Science

NASA Launches MUSIC Into Suborbital Space

It was a successful 17-minute flight for the sounding rocket up into the atmosphere.

NASA

On Tuesday morning, at the Wallops Flight Facility in Wallops, Virginia, NASA launched the Multiple User Suborbital Instrument Carrier, or MUSIC payload, out into the skies aboard a Terrier-Improved Malemute sounding rocket. The launch had been postponed numerous times since December because of weather-related delays so it was, it can be presumed, 🎶 music 🎶 to NASA’s ears to hear there was finally a successful flight.

The mission was specifically designed to help study the physics of the ionosphere and measure space weather activity — all in just a short 17-minute flight.

MUSIC is basically a suborbital payload (something a rocket carries that isn’t connected to its propulsion) which carried several different kinds of engineering projects and experiments designed by students at West Virginia University, via NASA’s Undergraduate Student Instrument Project.

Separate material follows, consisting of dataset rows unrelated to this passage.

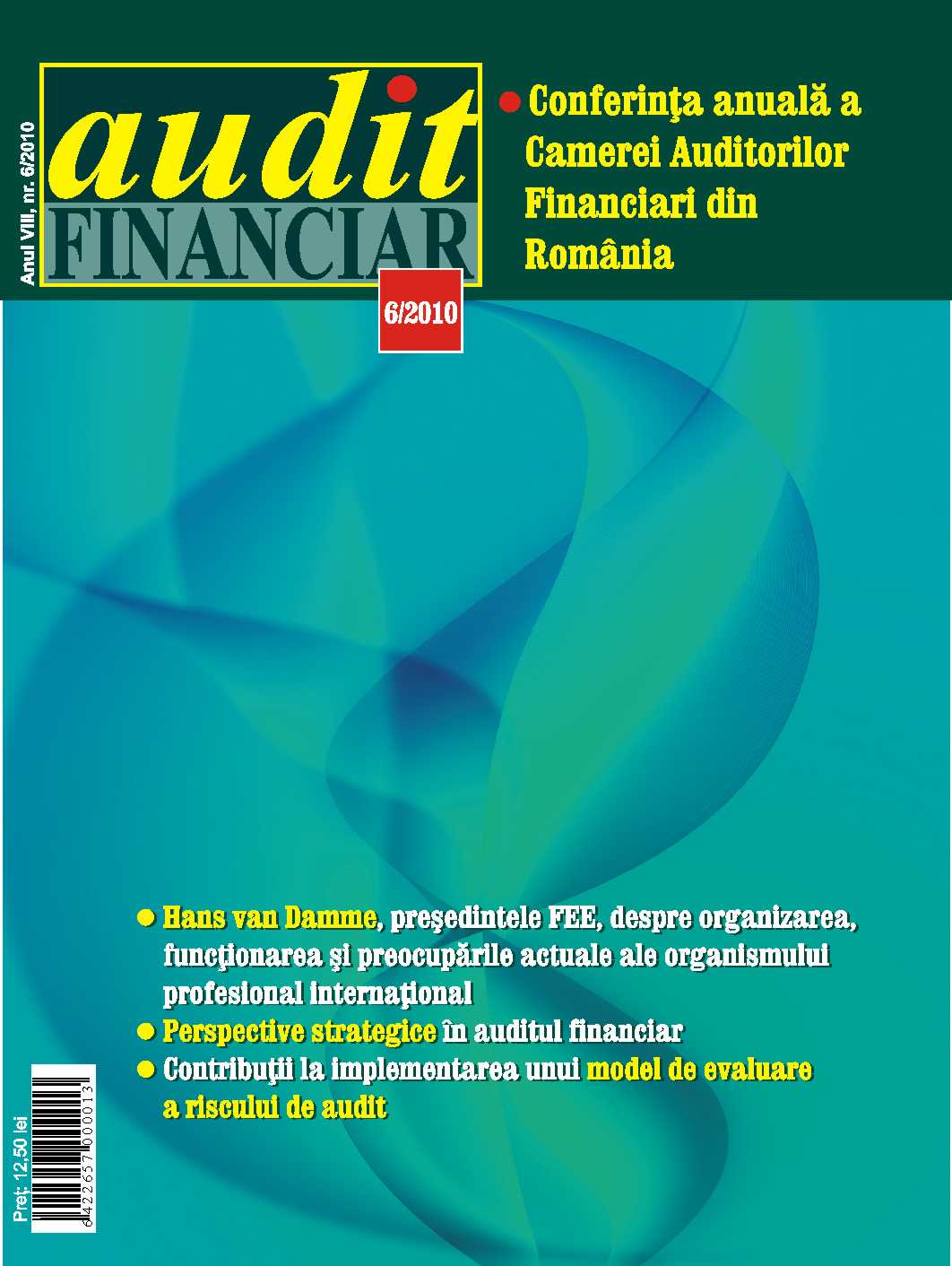 Coperta revista nr.66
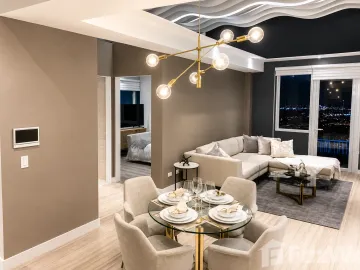 🌿 FOR SALE: 2-Bedroom Unit at Maple at Verdant Towers (Ortigas Land) 🌿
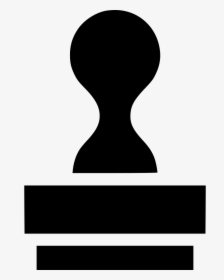 Stamp, HD Png Download, Free Download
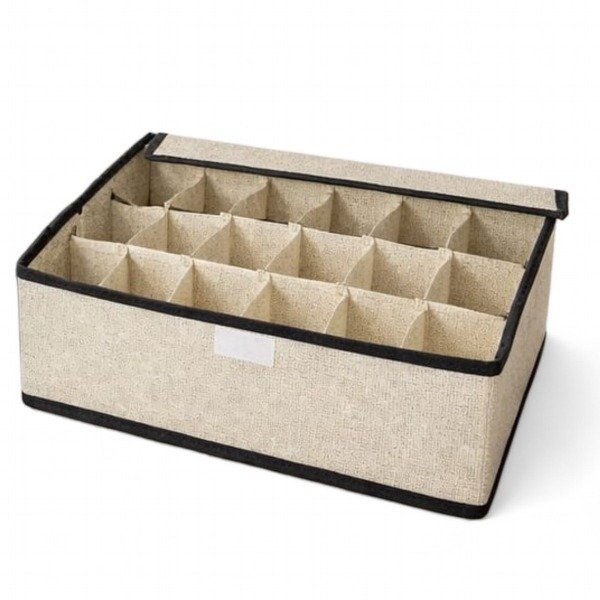 Miniatura de producto - 7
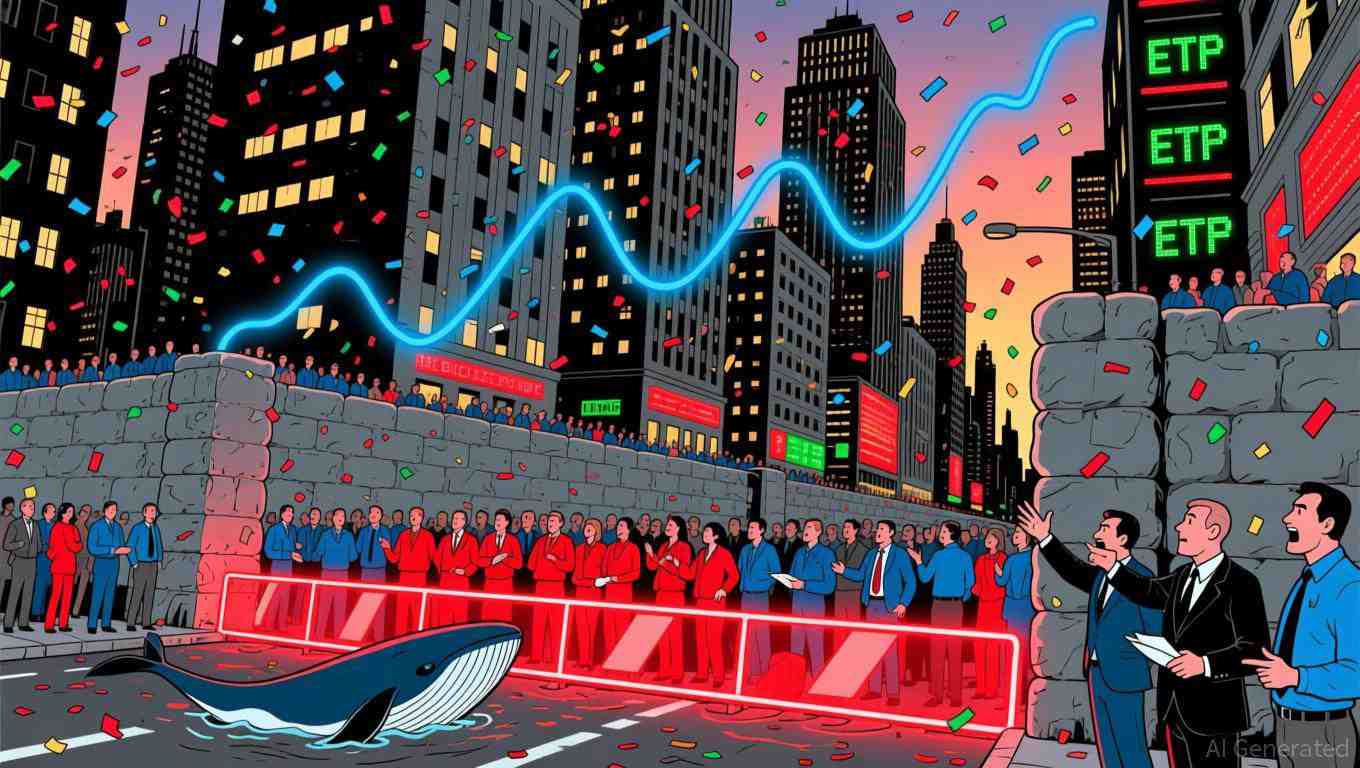 XRP 价格为 2.05 美元：这是超卖情况下的战略性买入机会吗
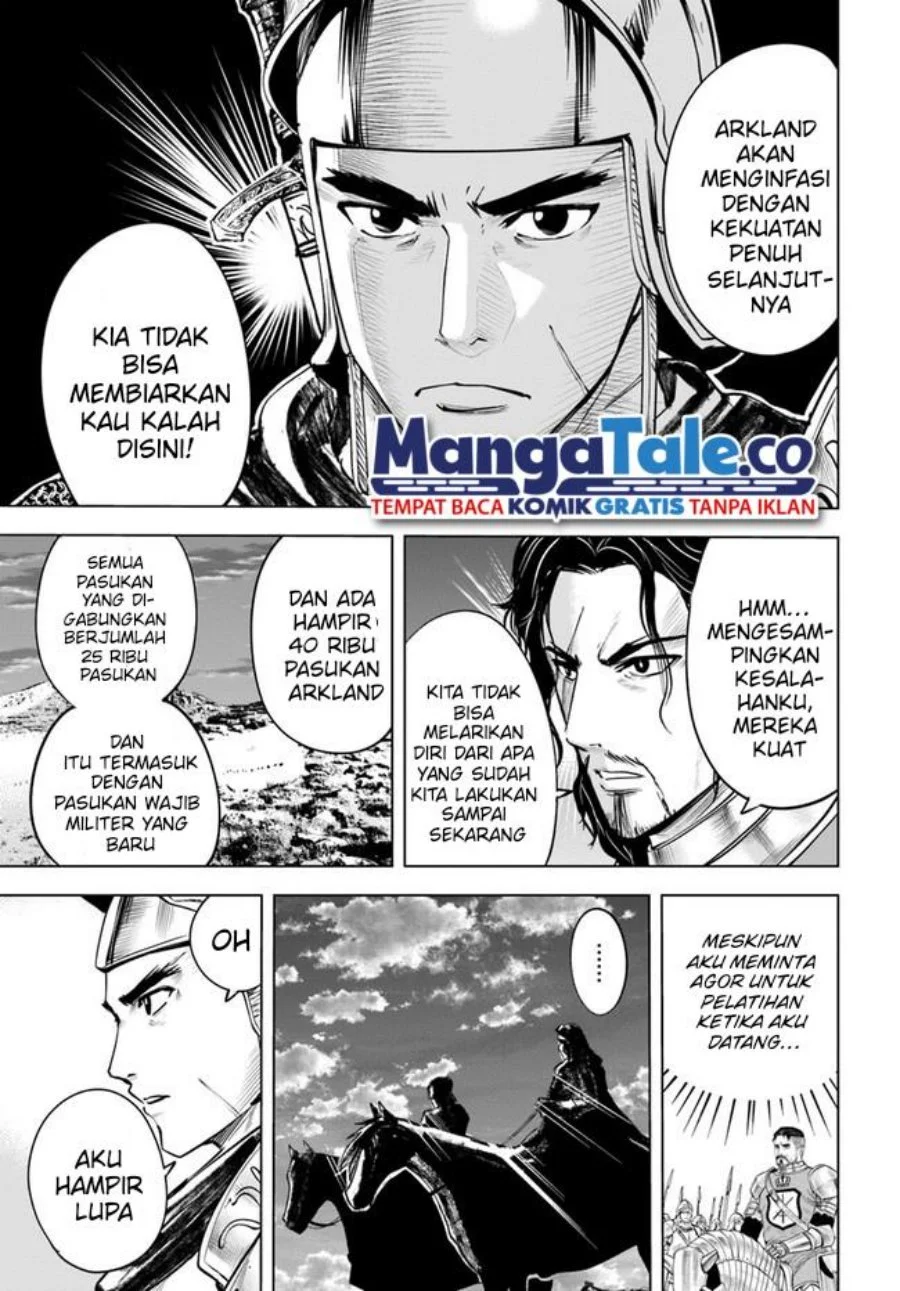 Chapter 42 - halaman 8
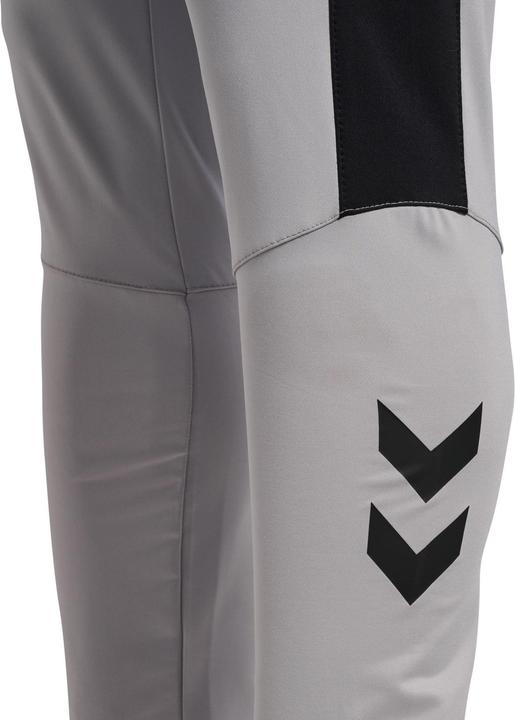 Image du produit hummel Hmllgc Agility Lss Pants (XXL)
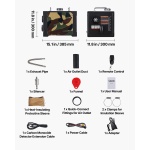 DDKCYJRQ25N16A38N001V2 gallery 5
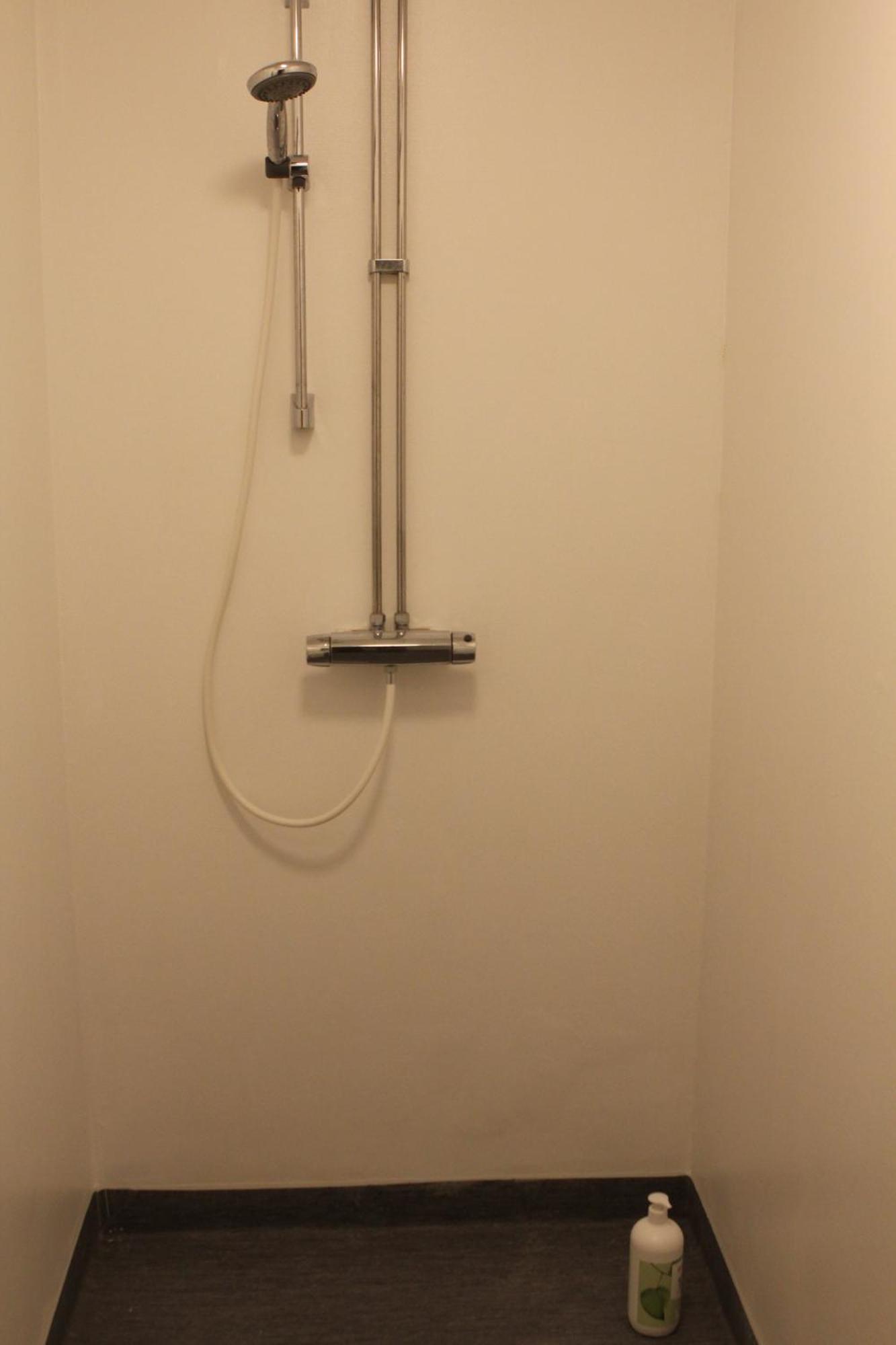 Hotell Bromma Stockholm
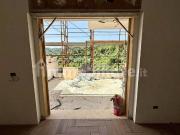 Appartamento in vendita a Morlupo RM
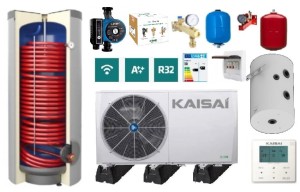 megazestaw kaisai KHC-06RY1-B pompa ciepła.jpg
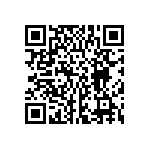 ASTMUPCE-33-27-000MHZ-EY-E-T3 QRCode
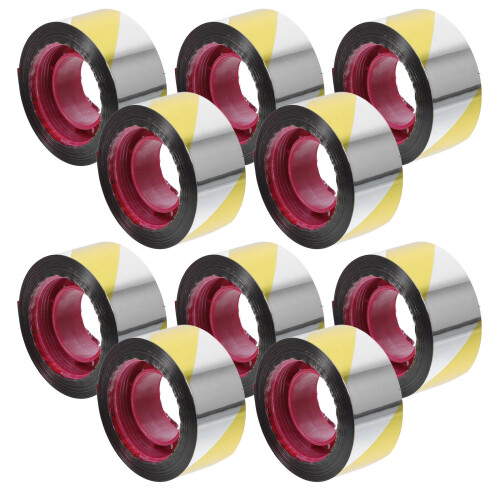 Pet Tape 10 Für Wand Rohr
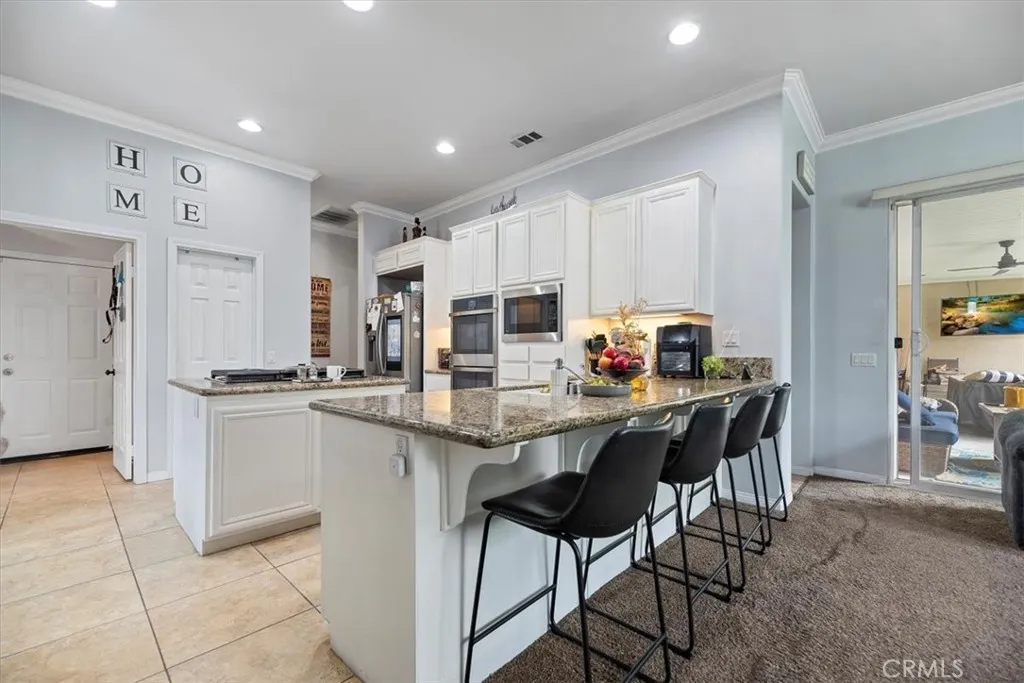 Additional image 17 of 1134 Park, San Jacinto, CA 92583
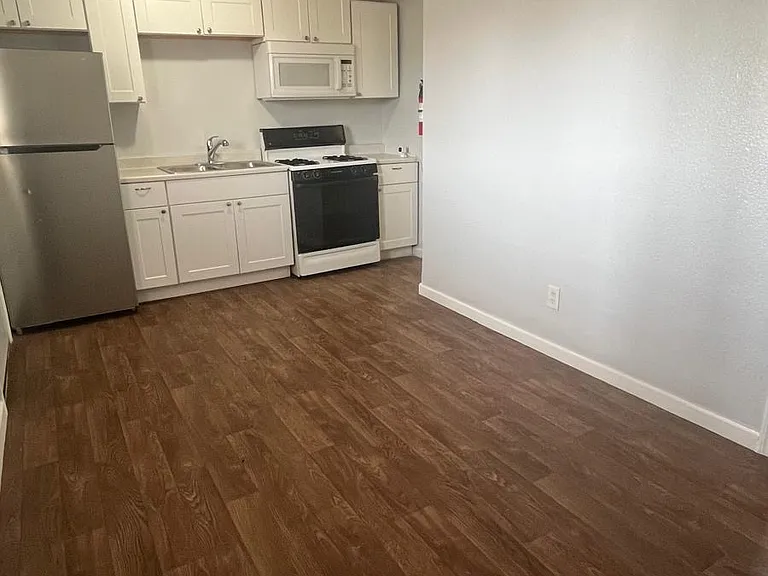 2238 E Taylor St #6 — Photo 11
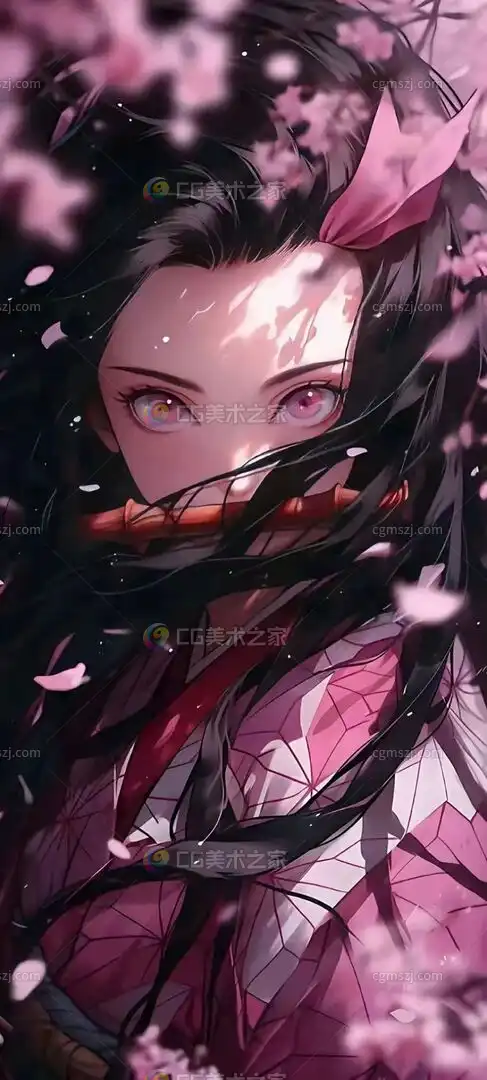 微信图片_2025-07-02_163623_509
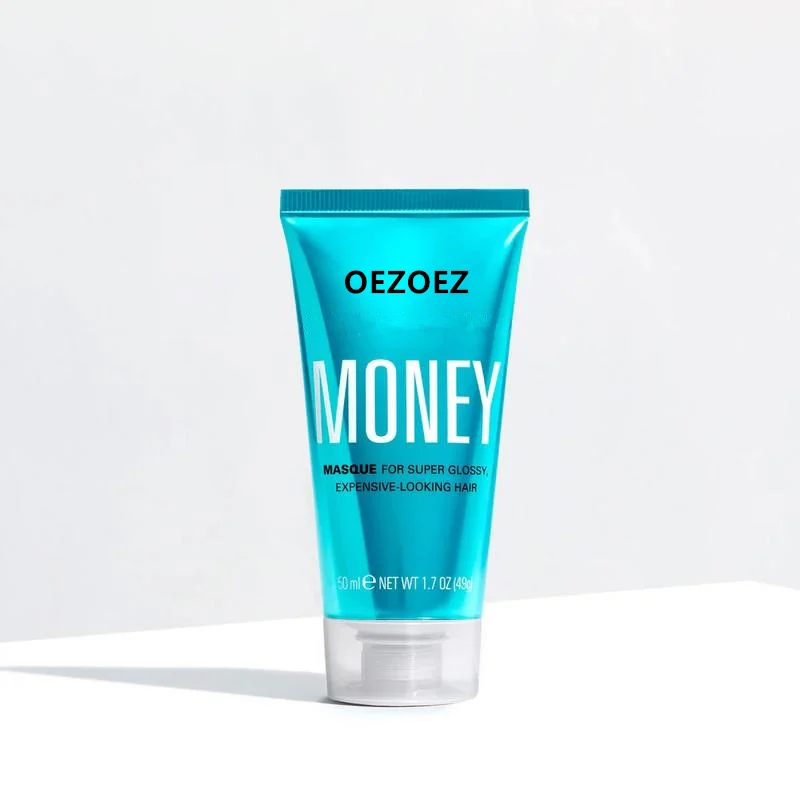 hair mask deeply hydrating repairing frizz control spu959525999681 desc 1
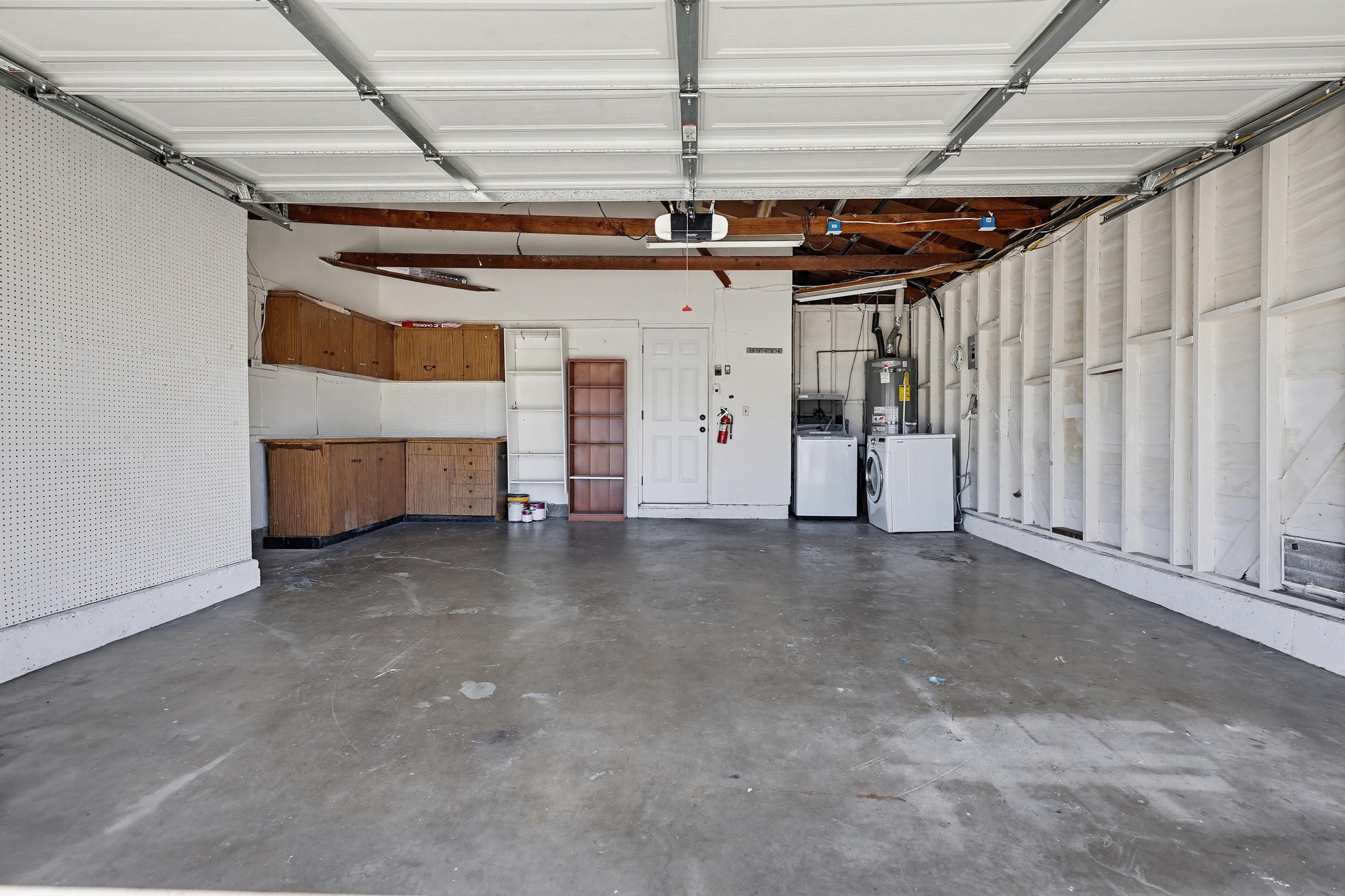Virtual tour photo 65 of 67 for 465 Meadowbrook Dr
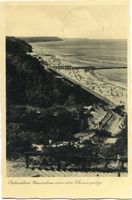 Rauschen Kr. Samland, Kreis Samland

The university participated in three similar flights in 2014, putting other experimental payloads on sounding rockets and balloons in preparation for the research objectives for this upcoming mission.

“The mission is allowing engineers at Wallops that have not had experience with sounding rockets to gain a familiarity with these suborbital missions,” said Carsell Milliner, the mission manager for MUSIC, in a November news release. “The work being done will result in a standard payload carrier with predefined mechanical, telemetry, power and attitude control capabilities.”

MUSIC

NASA

MUSIC wasn’t the only thing that was launched on Tuesday. The sounding rocket also took the Diminutive Assembly for Nanosatellite deploYables (DANY) up for a test flight. DANY is a mechanism being developed to help unlatch stowed devices from a small satellite, like a Cubesat. It could be a valuable tool later on for deploying devices like solar panels into orbit.

NASA has another sounding rocket launch set for next Monday.